All Christians are in ministry whether they are a minister by vocation or not. We even see this in the word choice Paul makes here with “deacon.” The Greek word for deacon, “diakonous”, literally means “servant.” While there is an office of the “deacon” here, this applies to all of those who serve in the Lord’s house, the family of God. These lists are not simply for those in vocational ministry but also for those who do ministry with their entire lives!
That being said, this isn’t something we can attain through sheer effort. In fact, if you try and go at this through effort alone, you will fail, guaranteed. However, Paul places a key detail in the middle of the list for deacons:
“They must keep hold of the deep truths of the faith with a clear conscience.” (1 Tim. 3:9)

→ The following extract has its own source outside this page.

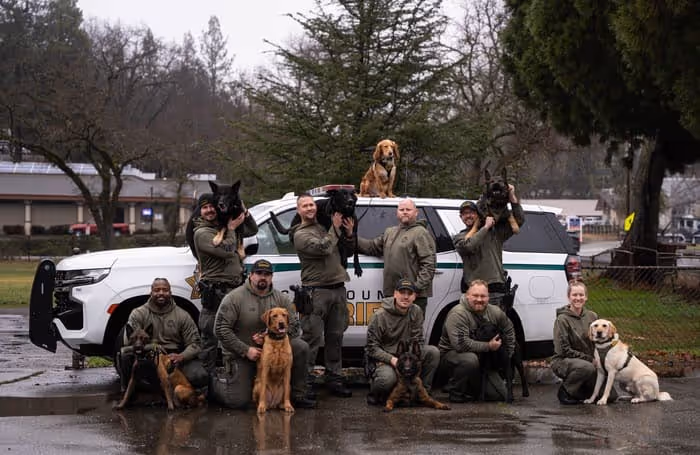 K9 officers with K9 in front of car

The Greek word that is translated here, “deep truths,” is the word “mysterion” which is where we get the word “mystery.” In fact, this is the exact same word that is later translated to “mystery” when Paul talks about the mystery of godliness.
The point being, at the core of all of these qualifications, those doing ministry must have their eyes fixed on Jesus and their minds fixed on the mystery that was revealed in God coming to Earth in flesh as the person of Jesus Christ, dying for us, rising again on the third day, and taking His rightful place at the right hand of the Father in heaven. When one fixes his or her heart on this truth, this “mysterion,” one will start to, by the power of God the Spirit, show these qualifications.
God is not looking for those already qualified, but rather for those He wills to qualify by the renewal of their entire being.
- How have you reflected on the revealed truth of the gospel of Jesus Christ recently? How can you reflect on it today?
- What does this truth mean for how you live your life? In what areas of your life can you allow God to minister to others through you?
- Share your reflections on this question with a trusted brother or sister in the faith. How can you help each other along in this process?
By the Way
In the Sermon on the Mount Jesus explains to those listening the key to this practice of living a life of ministry:
“So do not worry, saying ‘What shall we eat?’ or ‘What shall we drink?’ or ‘What shall we wear?’ For the pagans run after these things, and your heavenly Father knows that you need them. But seek first His kingdom and His righteousness, and all these things will be given to you as well.”